Helen Groves says that while universities have great areas where students can work together and interact, they lack spaces to allow quiet immersion in study
As education architects, our focus for the last 10 years or so has been on creating spaces for interaction and communication. With the emphasis on wellbeing and creating better connections for students and staff, this is exactly what we should have been doing. But now that we’ve created, and continue to create, these great spaces for collaboration, I’ve started to wonder: have we lost the in-depth learning spaces that define many students’ experience of higher education?
When we go to university, we have the opportunity to take our studies to a new level, focusing more and delving deeper than we ever had the chance to at school. That ability to zoom in and focus is an important part of the university experience, and one I’m afraid we may be neglecting in our current mission to create spaces for social interaction and learning.
The more we’ve focused on collaboration and breakout spaces, the less we’ve focused on spaces where people can truly immerse themselves and can reach the levels of deep thought that define academic study.

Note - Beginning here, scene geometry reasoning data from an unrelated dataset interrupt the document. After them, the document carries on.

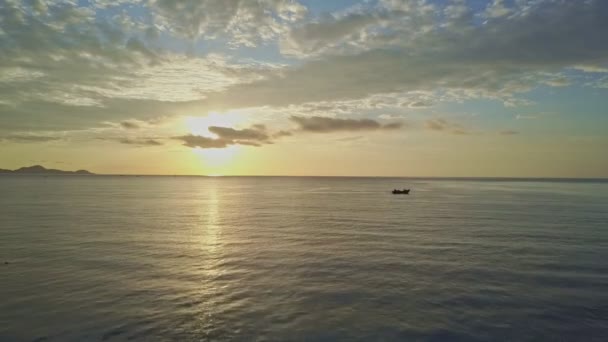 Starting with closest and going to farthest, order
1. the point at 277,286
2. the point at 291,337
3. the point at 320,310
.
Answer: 1. the point at 291,337
2. the point at 320,310
3. the point at 277,286

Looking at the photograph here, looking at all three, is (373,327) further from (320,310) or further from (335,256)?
(335,256)

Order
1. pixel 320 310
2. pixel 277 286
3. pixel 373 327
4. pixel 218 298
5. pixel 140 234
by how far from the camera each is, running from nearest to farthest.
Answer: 1. pixel 373 327
2. pixel 320 310
3. pixel 218 298
4. pixel 277 286
5. pixel 140 234

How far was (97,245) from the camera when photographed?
30.0 metres

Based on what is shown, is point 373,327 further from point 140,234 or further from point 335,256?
point 140,234

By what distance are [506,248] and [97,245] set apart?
119 feet

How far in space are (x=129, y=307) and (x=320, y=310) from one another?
9.09 metres

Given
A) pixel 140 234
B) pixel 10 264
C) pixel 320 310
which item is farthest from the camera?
pixel 140 234

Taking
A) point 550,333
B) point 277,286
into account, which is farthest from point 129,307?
point 550,333

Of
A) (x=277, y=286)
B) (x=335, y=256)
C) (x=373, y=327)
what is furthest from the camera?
(x=335, y=256)

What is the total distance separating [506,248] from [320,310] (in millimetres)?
21343

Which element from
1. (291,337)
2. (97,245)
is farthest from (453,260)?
(97,245)

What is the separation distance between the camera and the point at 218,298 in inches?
676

We’re seeing serious mental health issues at universities, shocking statistics that can’t be ignored, and we need to make sure we’re getting the balance right for their health and wellbeing.

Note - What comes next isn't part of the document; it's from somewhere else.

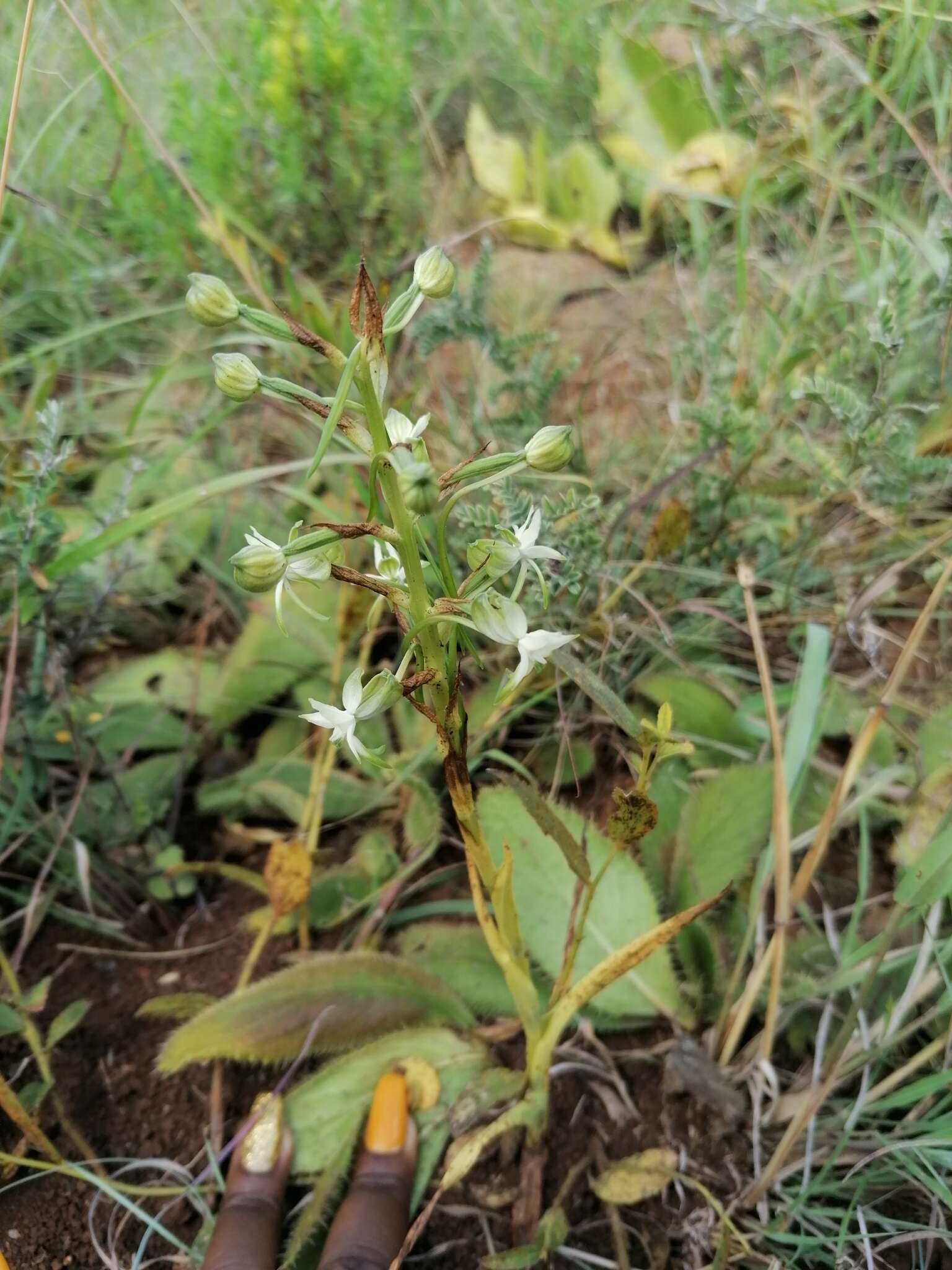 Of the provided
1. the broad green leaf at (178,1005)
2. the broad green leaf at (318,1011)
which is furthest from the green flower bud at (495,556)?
the broad green leaf at (178,1005)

“There has to be a spectrum in design between the welcome, social spaces and the private spaces”
To address the connection and interaction issues, many universities are investing in student centres, a campus “living room”, so to speak. While it’s important for students to have these spaces, it’s also important for them to not feel pressured to constantly be in them.
For thinking and creativity we need spaces with no distractions and no other people to interrupt our thoughts. We need somewhere to go for quiet and for space to ourselves. In this age of social connectivity, it’s even more important that we have somewhere we can really focus on the task at hand and become completely immersed in our subject matter.

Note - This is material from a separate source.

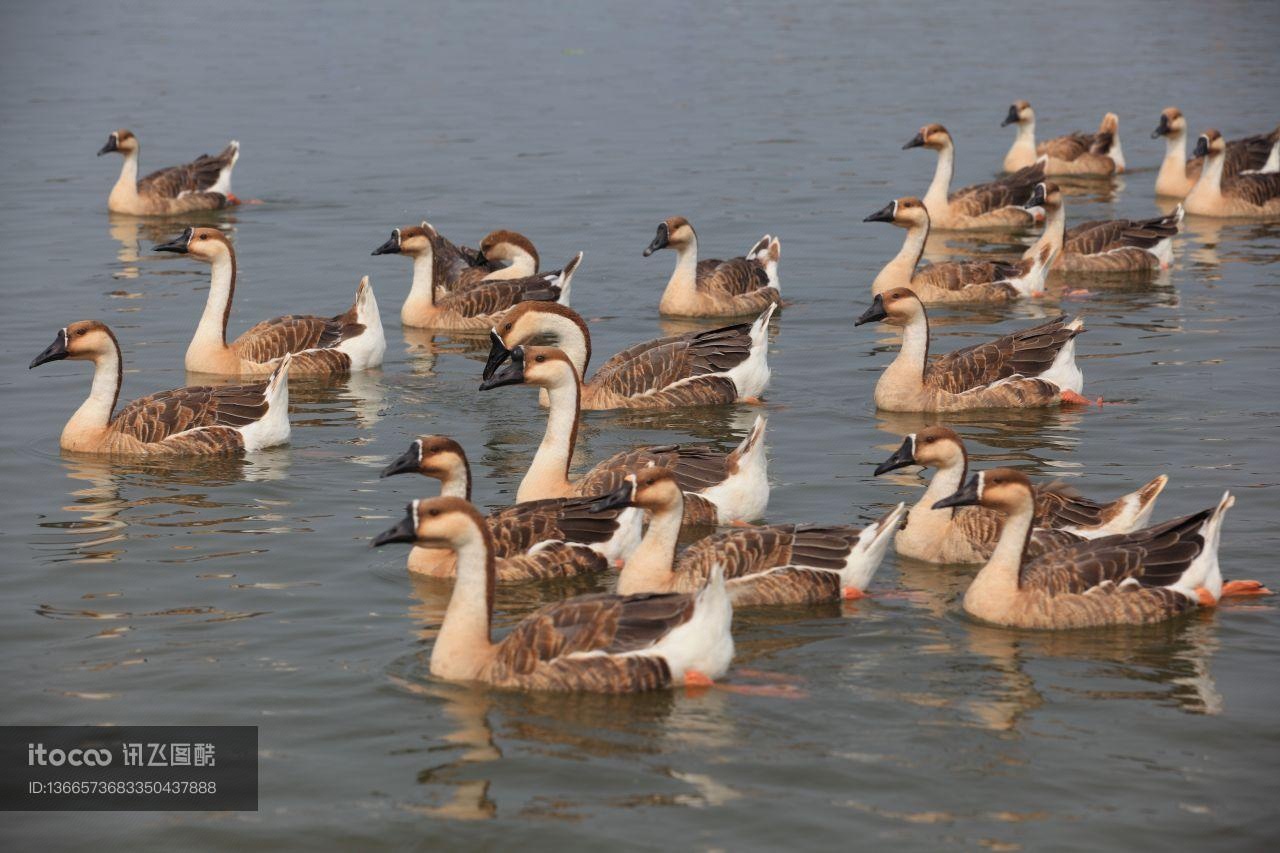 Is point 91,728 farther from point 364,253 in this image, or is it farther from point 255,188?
point 255,188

There has to be a spectrum in design between the welcome, social spaces and the private spaces. I think we’ve assumed young people don’t want these spaces, but we need to celebrate that’s it’s okay to want them. It’s okay to be quiet and serious sometimes.
My challenge to us all, as designers and estates directors, is to bear this in mind when we’re designing higher education buildings and address the full spectrum between the open and closed, social and private, fun and serious.
Students today are under immense pressure to be seen to be succeeding and to succeed. They feel like they need to be part of a group, to fit in. But students also need to know it’s okay to be by yourself, and that reaching new heights of academic, individual study is an important, and celebrated, part of being at university.
We need to get the balance right between individual, supported, private study and social learning. We need to recognise that designing for wellbeing isn’t just about connected, light, airy spaces – sometimes it’s about creating cocoons for people seeking out spaces where they feel comfortable to study. Over the last decade it’s become increasingly ‘uncool’ to create these individual learning spaces, and we need to challenge that.
Despite being social animals, we all crave our own space sometimes, and that’s okay. Being alone doesn’t mean being lonely – it can mean having time to think, focus and discover new things about ourselves and the world.
This dichotomy is what makes university a unique, once in a lifetime experience. We need to ask ourselves: are we doing what’s fashionable or what’s right? And when it comes to students’ health and wellbeing we need to always do what’s right.